La langue inventive et malicieuse de l’écrivain, tantôt froide tantôt brûlante, forme un écrin à ce récit d’apprentissage un peu à part, aussi singulier qu’universel
« Inquiétante étrangeté »
Des bribes de chansons en portugais rythment un texte déjà musical, le rendant plus unique encore, même s’il est aussi proche du lecteur, empreint du banal de l’ordinaire pourtant paré d’étrange. Le texte de Victor Heringer, en particulier lorsque Camilo est âgé et divague, flirte de temps en temps avec le théâtre, dialogues rapportés à la manière d’une pièce.
« GRUMÁ : Tu as rêvé de quoi, toi, cette nuit ?
CAMILO : Je ne me rappelle pas.
GRUMÁ : On va fixer un jour et tu rêveras et tu me raconteras. »
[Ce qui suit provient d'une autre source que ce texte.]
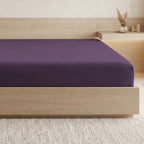 Essential 1 Piece Solid Fitted Sheet - All Around Elastic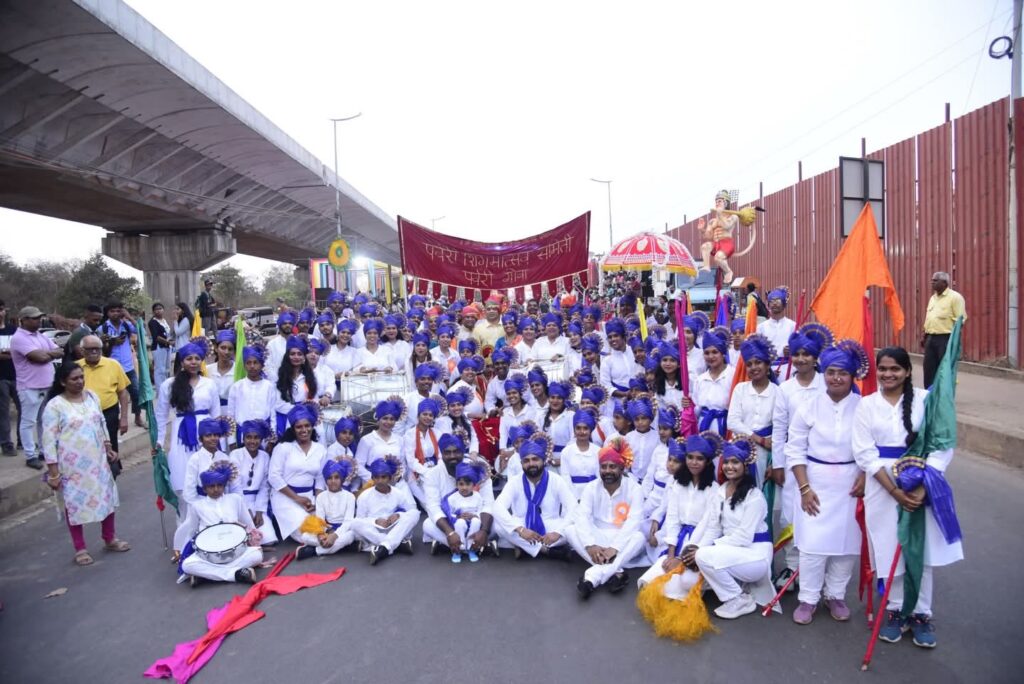 Porvorim Shigmotsav Celebrated with Great Fervour, Showcasing Goa’s Cultural Heritage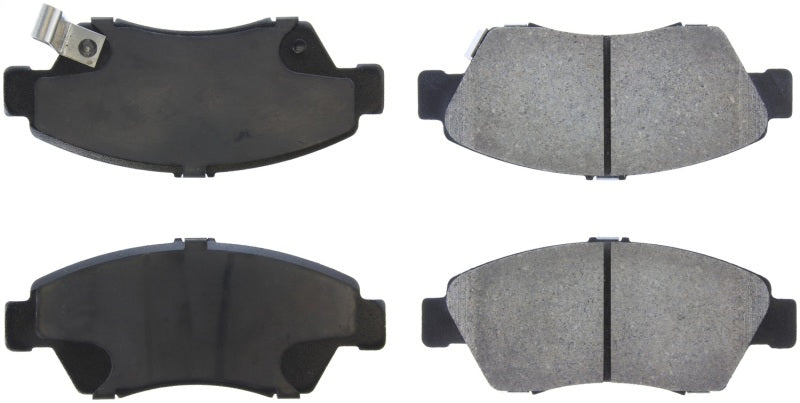 StopTech Sport Brake Pads w/Shims and Hardware - Rear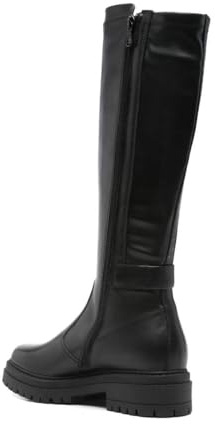 Nero Giardini I514842D Stivali Donna in Pelle E Materiale Tecnico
Parfois, le récit est entrecoupé de dessins, de photographies et de listes, étrangement touchantes malgré leur longueur, qui brouillent les frontières entre fiction et réalité. Pourtant, Camilo a une identité propre que l’on devine distincte de celle de l’auteur, une personnalité mouvante mais clairement dessinée grâce à la double temporalité du texte qui apporte profondeur et douleur à L’Amour des hommes singuliers. Les deux périodes sont reliées par un drame qui met fin à l’innocence et à l’amour brutal d’avant la maturité, d’avant la raison. La langue inventive et malicieuse de l’écrivain, tantôt froide tantôt brûlante, forme un écrin à ce récit d’apprentissage un peu à part, aussi singulier qu’universel, aussi évocateur qu’hermétique, entre amour, désir de vengeance et distorsion des souvenirs.
- Victor Heringer, L’Amour des hommes singuliers, Denoël, 2025.